**** The data ****
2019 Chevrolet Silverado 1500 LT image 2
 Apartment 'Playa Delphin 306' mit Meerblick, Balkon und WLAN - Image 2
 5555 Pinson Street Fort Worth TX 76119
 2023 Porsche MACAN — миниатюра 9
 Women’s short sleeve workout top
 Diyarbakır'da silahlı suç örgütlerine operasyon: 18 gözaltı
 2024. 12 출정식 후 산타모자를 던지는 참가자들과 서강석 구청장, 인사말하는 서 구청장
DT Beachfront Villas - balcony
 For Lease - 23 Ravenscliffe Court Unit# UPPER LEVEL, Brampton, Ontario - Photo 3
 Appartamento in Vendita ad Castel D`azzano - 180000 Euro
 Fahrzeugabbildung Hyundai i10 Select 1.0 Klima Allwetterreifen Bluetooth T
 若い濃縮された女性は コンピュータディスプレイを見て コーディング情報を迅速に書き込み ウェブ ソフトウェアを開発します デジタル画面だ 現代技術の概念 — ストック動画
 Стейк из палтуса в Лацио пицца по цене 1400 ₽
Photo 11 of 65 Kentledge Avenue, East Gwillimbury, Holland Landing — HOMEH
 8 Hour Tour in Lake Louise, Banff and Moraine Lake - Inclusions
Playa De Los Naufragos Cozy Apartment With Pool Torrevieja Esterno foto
****
Which lines above hold the string "Apartment"? Copy every one of them.

## Result of the task
 Apartment 'Playa Delphin 306' mit Meerblick, Balkon und WLAN - Image 2
Playa De Los Naufragos Cozy Apartment With Pool Torrevieja Esterno foto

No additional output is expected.